Theorem: If p is a constructible prime, then it has form p = 2^n+1.
Description of proof: Notice that every construction involves finding points by
intersecting lines and circles. This is the key to understanding what constructions are
possible.
Assume we are in an Archimedean geometry, i.e. Euclid’s geometry plus the extra
axiom of Archimedes, that says any segment can be laid off repeatedly until it reaches
any other point. Then we can introduce real numbers as coordinates, by introducing a
pair of perpendicular axes in the plane. Then every point of the plane can be described
by a pair of real coordinates (x,y). Conversely we may assume that every pair of real
coordinates (x,y) represents a point of the plane, but they need not all be constructible.
We want to examine which ones among the many points of the plane are constructible
by ruler and compass.
We start from only two points (0,0) and (1,0), and ask what points can be constructed
from these. E.g. we can lay off as many copies of these as we wish along the x axis, so
we get all points of form (n,m) where n,m are integers. Then we can also subdivide the
interval between (0,0) and (1,0) into n equal parts for every natural number n, and then
lay off copies of those, so we also get all rational points on the x-axis of form (n/m, 0)

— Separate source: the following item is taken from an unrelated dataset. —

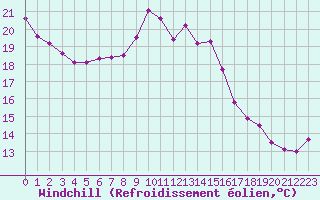 Courbe du refroidissement olien pour Pointe de Chassiron (17)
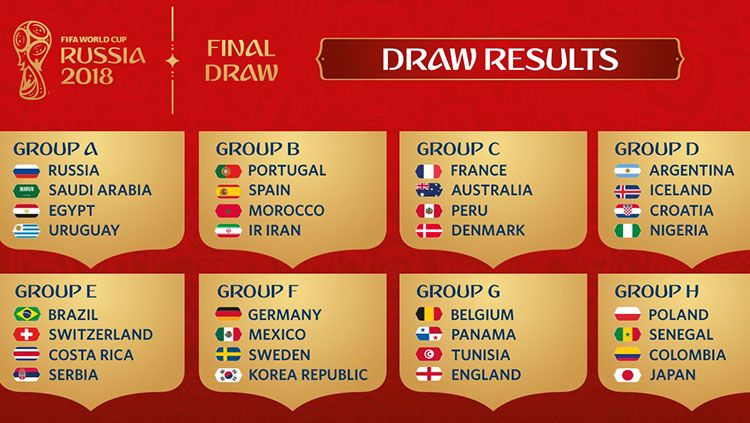 Hasil Undian Fase Grup Piala Dunia 2018, Portugal Jumpa Spanyol ...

where n,m, are integers, and m ≠ 0.
Since we can construct the perpendicular to the x-axis we also get the y axis, and then
we can lay off rational points on the y axis. Now we can construct perpendiculars to
both x and y axes and intersect them, so we also get all “rational points” of the plane,
i.e. all points of form (n/m, a/b), with a,b,n,m, integers and mb ≠ 0. What else can we
get?
Well we also get points that arise from intersecting lines determined by two rational
points, with other such lines, or with circles with rational centers and a rational point on
the circumference, or two such circles.
Now intersecting sets defined by equations means solving the equations
simultaneously, so we want to know what kind of numbers occur as simultaneous
solutions of equations of lines and circles. In fact all we need to know is the degree of
the equations. Solving two linear equations with rational coefficients just gives rational
solutions, so intersecting such rational lines does not give any new points. Moreover
intersecting two rational circles gives two points which are also obtained by intersecting
one circle with a rational line (subtract the equation for the two circles to get the
equation of the line). So we look at points obtained by intersecting rational lines and
rational circles.
An equation for a line through two rational points looks like ax+by = c, where a,b,c, are
rational numbers. An equation for a circle determined by a rational center and rational
point on its circumference looks like (x-u)^2 + (y-v)^2 = w^2, where u,v,w, are rational
numbers. To solve ax+by = c, and (x-u)^2 + (y-v)^2 = w^2, simultaneously, we solve
the linear equation for y, getting: by = c – ax, then y = c/b – ax/b, and substitute this for y
in the quadratic equation. The result is some complicated quadratic equation in x,
Maybe (x-u)^2 + ([c/b – ax/b] – v)^2 = w^2. I don’t care what it is exactly, as I am only
interested in its degree, or the fact that it is quadratic, i.e. of degree two. We call
solutions of quadratic equations with rational coefficients “quadratic” numbers.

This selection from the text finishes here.